SAN FRANCISCO -- First Nationwide Financial Corp., Ford Motor Co.'s thrift holding company, reported a $44 million loss for the first quarter, compared with a $17 million deficit in the year-ago period.
During the most recent quarter, Ford reached an agreement to sell its San Francisco-based First Nationwide Bank thrift unit to Texas banker Gerald J. Ford and financier Ronald O. Perelman for approximately $1.1 billion.
The transaction is expected to close in about six months.
In a modest revival of core earnings, the thrift unit posted net income of $17 million in the quarter, up from $2 million in the 1993 first quarter.
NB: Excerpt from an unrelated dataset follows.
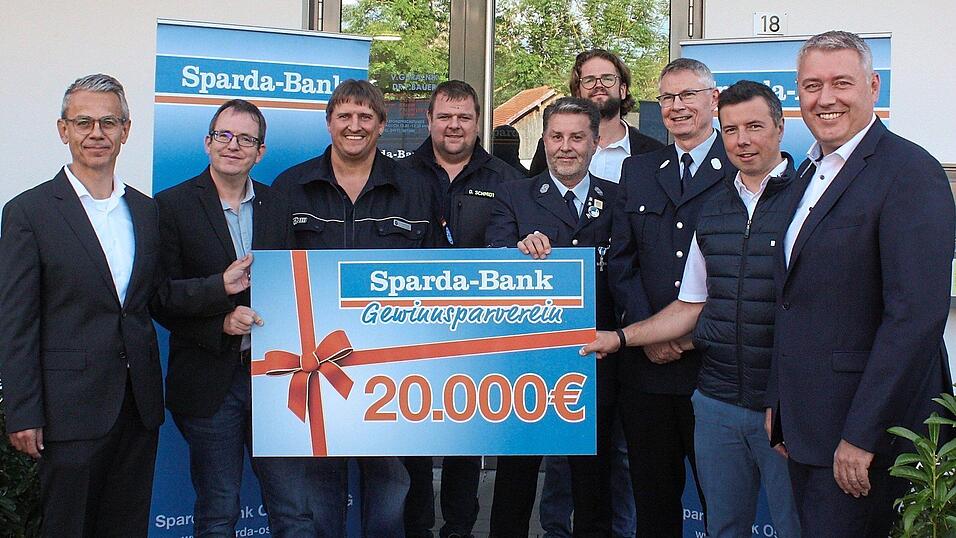 Michael Gruber (ganz links) und Manfred Decker (ganz rechts) überreichen den Vertretern fünf Chamer Organisationen einen Scheck über von 20.000 Euro. Michael Gruber (ganz links) und Manfred Decker (ganz rechts) überreichen den Vertretern fünf Chamer Organisationen einen Scheck über von 20.000 Euro.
The difference in performance between the parent and the operating unit reflects a mark-to-market revaluation of securities held by the holding company plus the transfer from the thrift in recent years of about $1.2 billion in problem assets. The thrift had no nonperforming assets at the end of March.
Ford said it would sell the company's problem assets, primarily commercial real estate, as market conditions permit.
As previously announced, the auto company took a $475 million pre-tax charge against earnings in the quarter, or $440 million after tax, in connection with the First Nationwide sale. Reflecting the charge, Ford's financial services group posted a $51 million loss.
Treatment of Goodwill
The charge included a $175 million provision for losses on retained assets and a $300 million writedown of goodwill from previous acquisitions. Goodwill, the premium paid over book value for an acquisition, is treated as an asset on the balance sheet.
First Nationwide Bank has about $15.5 billion of assets. Three other Ford financial services units reported solid first-quarter results, generating a $389 million profit for the group before the special charge.
The units include Ford Motor Credit as well as two consumer and commercial finance companies, The Associates and USL Capital.